Pola pengobatan yang tidak rasional bisa menimbulkan berbagai masalah
kesehatan, di antaranya kualitas terapi menurun, yang akan menyebabkan
angka kesakitan dan angka kematian meningkat, meningkatnya risiko efek
samping, biaya meningkat, dan sebagainya. Lantas, apa yang harus
dilakukan orangtua agar anaknya terhindar dari RUM? “Be a smart patient , jadilah pasien yang cerdas,” ujar Wati tegas. Caranya:
1 Prioritas : Menyadari bahwa yang paling berkepentingan akan kesehatan dan kesejahteraan diri kita dan keluarga kita adalah kita sendiri.
2 Cari Informasi : Jangan serahkan
semua urusan kesehatan ke tenaga kesehatan dan ke pemerintah. Pasien
harus proaktif mempelajari kesehatan, sehingga bisa melakukan upaya
preventif yang tepat. Dan ketika jatuh sakit sekalipun bisa tetap
rasional, karena selalu mencari informasi perihal gangguan kesehatan dan
menanganinya sesuai panduan ilmiah terkini.
3 Konsultasi : Jangan artikan kunjungan ke dokter sebagai upaya minta obat, yang harus cespleng
dan segera sembuh. Kunjungan ke dokter adalah upaya konsultasi, upaya
diskusi mencari kejelasan penyebab dan upaya meminta diagnosis. Jadi,
pasien sebaiknya menguasai kapan harus ke dokter, sehingga terhindar
dari kondisi “tamasya” mondar-mandir ke dokter atau RS/klinik.
4 Bertanya : Yang tak kalah
penting adalah bertanya. Ketika kita berkonsultasi dengan dokter,
sedikitnya ada 3 pertanyaan “wajib” yang harus diajukan, yakni:
- Kenapa (apa penyebab gangguan kesehatan yang saya alami?) Pertanyaan ini akan membimbing kita ke arah diagnosis.
- Apa yang harus saya lakukan (sebaiknya menggunakan konsep tatalaksana dan bukan konsep pengobatan, karena tidak semua gangguan kesehatan tatalaksananya harus mencakup obat).
- Kapan saya harus cemas? (konsep RUM melindungi pasien dari overtreatment , mistreatment dan juga undertreatment . Smart patient jangan diartikan sebagai antiobat, antiantibiotik, atau antidokter. Justru pasien cerdas dan pintar akan bijak, sehingga bisa membuat keputusan yang tepat.

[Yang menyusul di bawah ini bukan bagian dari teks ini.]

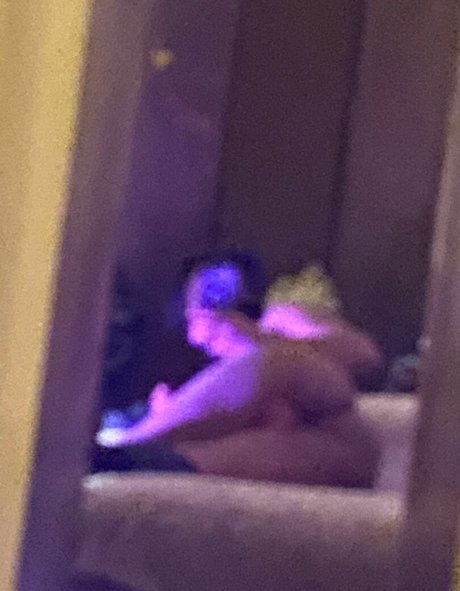 BunniBee sexy model images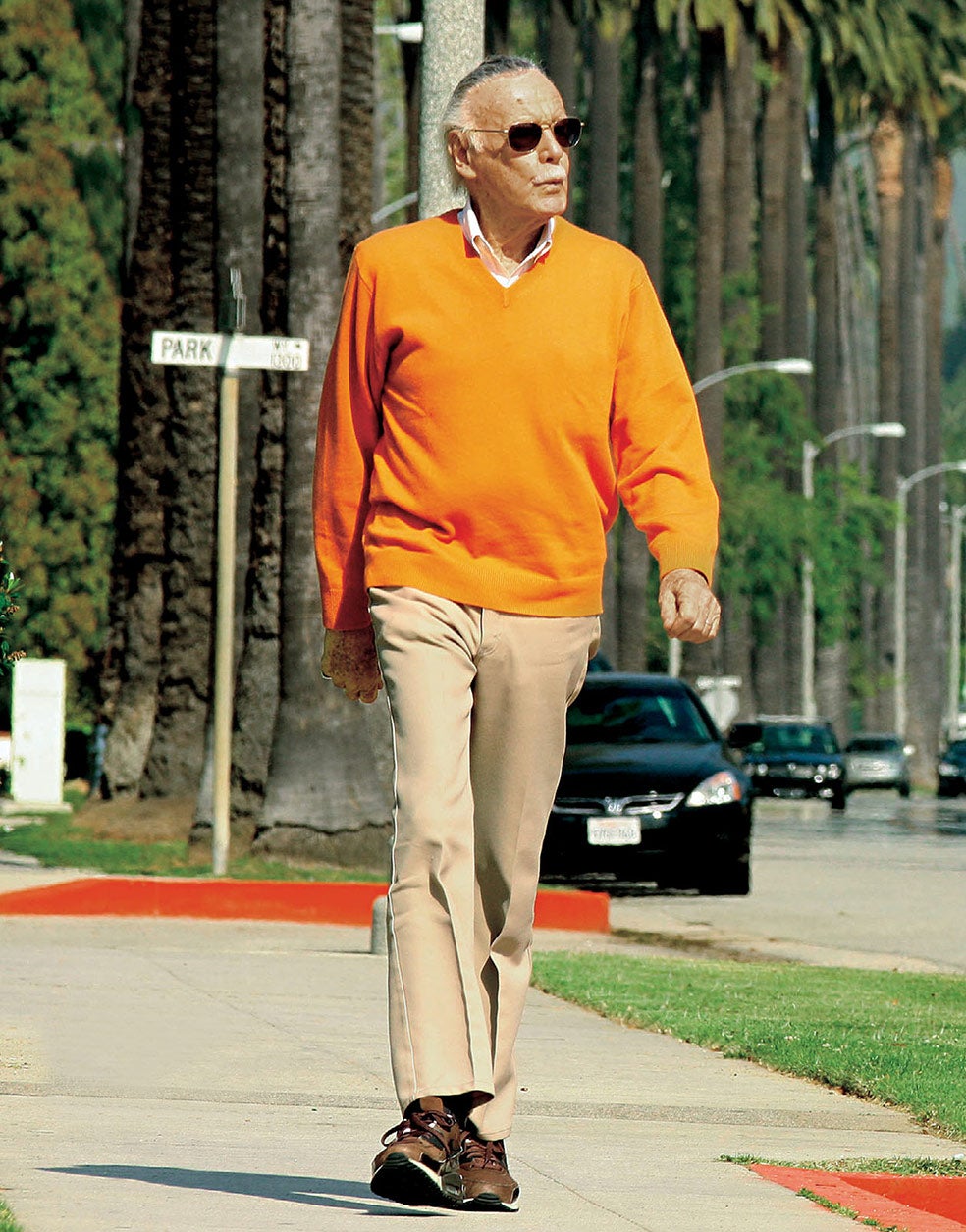 Stan Lee dio un paseo con XLSemanal por Beverly Hills, el lujoso vecindario de Los Ángeles donde, en 2001, fundó Pow! Entertainment. A esta productora multimedia –protectora de su nombre, imagen, voz, marcas registradas y derechos de publicidad– dedicó sus últimos años tras abandonar Marvel en los 90, empresa de la cual siguió recibiendo un millón de dólares al año como presidente emérito.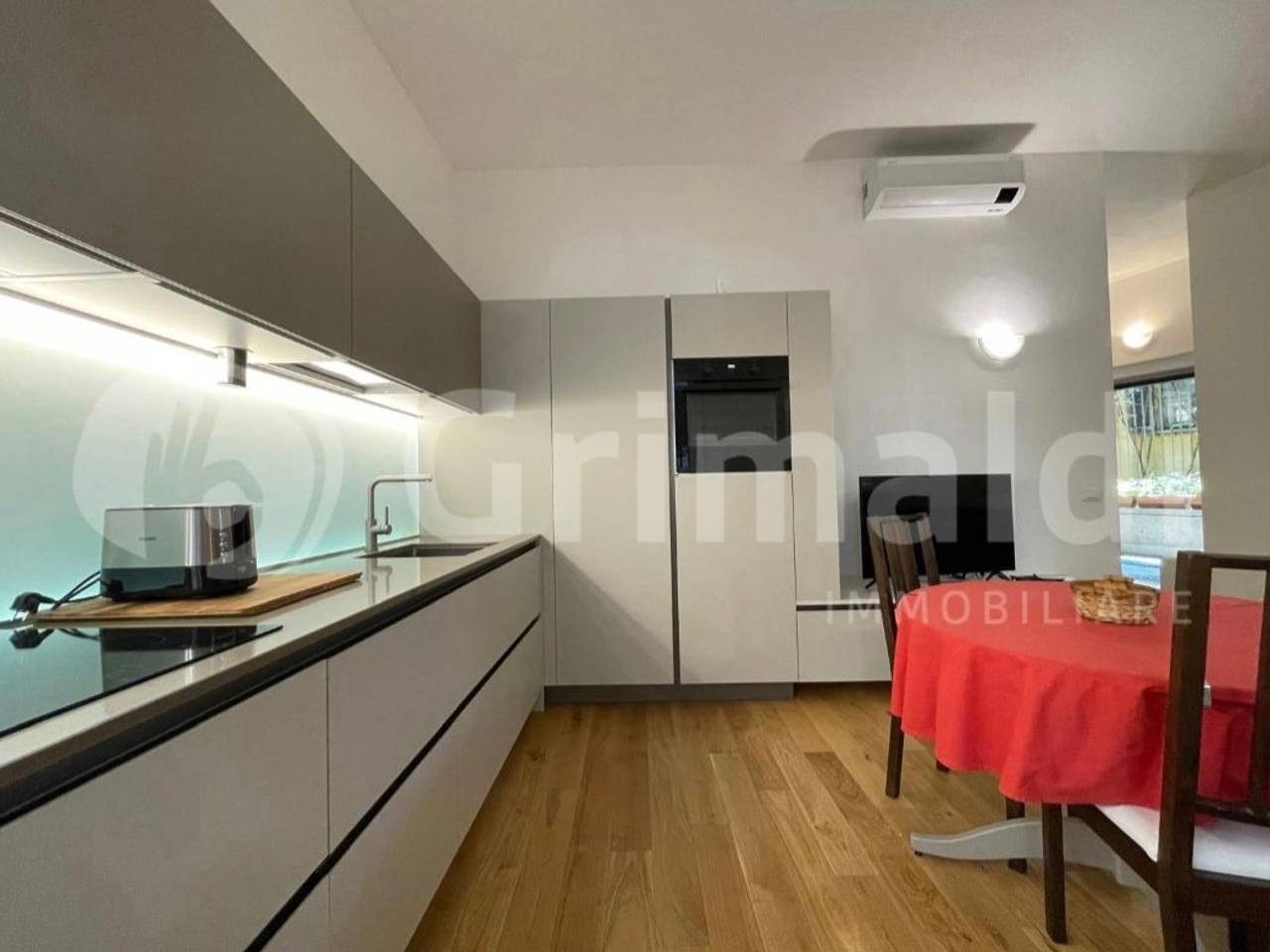 appartamento in affitto a Milano in zona Porta Nuova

- Kenapa (apa penyebab gangguan kesehatan yang saya alami?) Pertanyaan ini akan membimbing kita ke arah diagnosis.
- Apa yang harus saya lakukan (sebaiknya menggunakan konsep tatalaksana dan bukan konsep pengobatan, karena tidak semua gangguan kesehatan tatalaksananya harus mencakup obat).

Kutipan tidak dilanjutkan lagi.